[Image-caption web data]
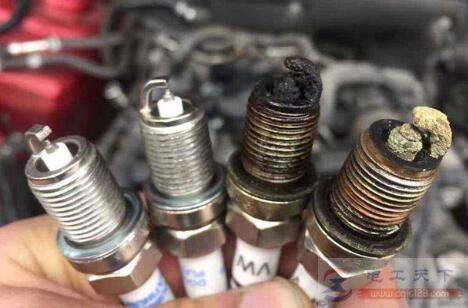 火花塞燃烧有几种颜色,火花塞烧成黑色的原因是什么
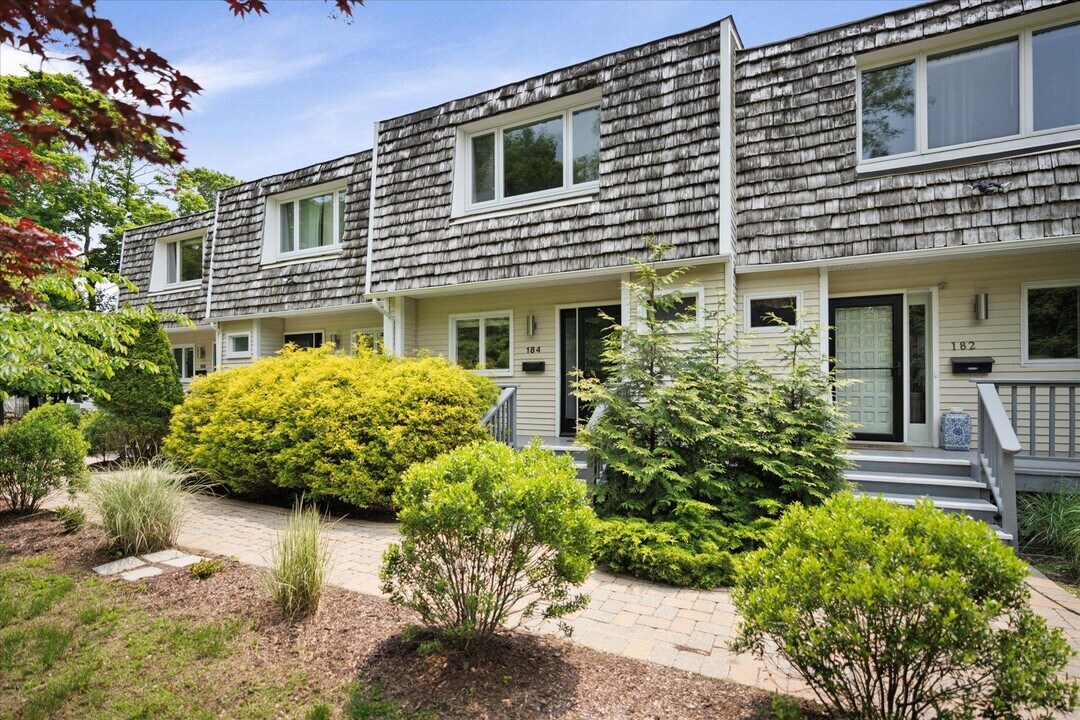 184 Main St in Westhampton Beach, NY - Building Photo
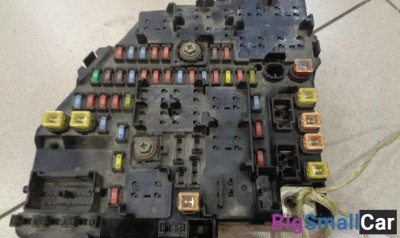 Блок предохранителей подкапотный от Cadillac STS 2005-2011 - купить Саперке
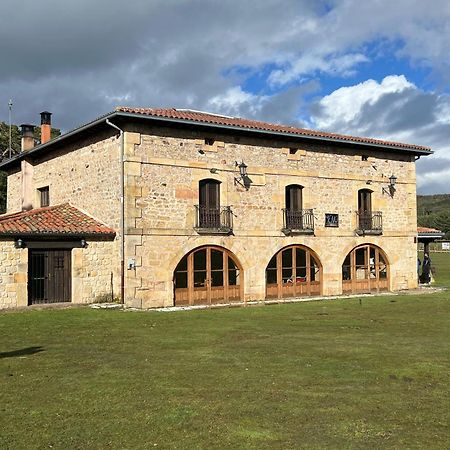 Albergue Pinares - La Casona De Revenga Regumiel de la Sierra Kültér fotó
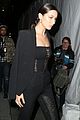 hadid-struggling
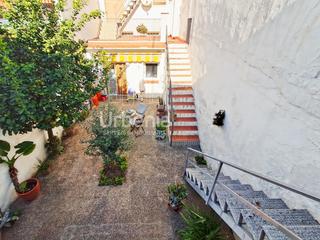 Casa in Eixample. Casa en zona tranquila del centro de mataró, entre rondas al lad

◆ What to work on ◆
Write out exactly, and nothing more than, the lines of the entries above from the line containing "Блок предохранителей подкапотный" through the final line; omit any pictures.

◆ Solution ◆
 Блок предохранителей подкапотный от Cadillac STS 2005-2011 - купить Саперке
 Albergue Pinares - La Casona De Revenga Regumiel de la Sierra Kültér fotó
 hadid-struggling
 Casa in Eixample. Casa en zona tranquila del centro de mataró, entre rondas al lad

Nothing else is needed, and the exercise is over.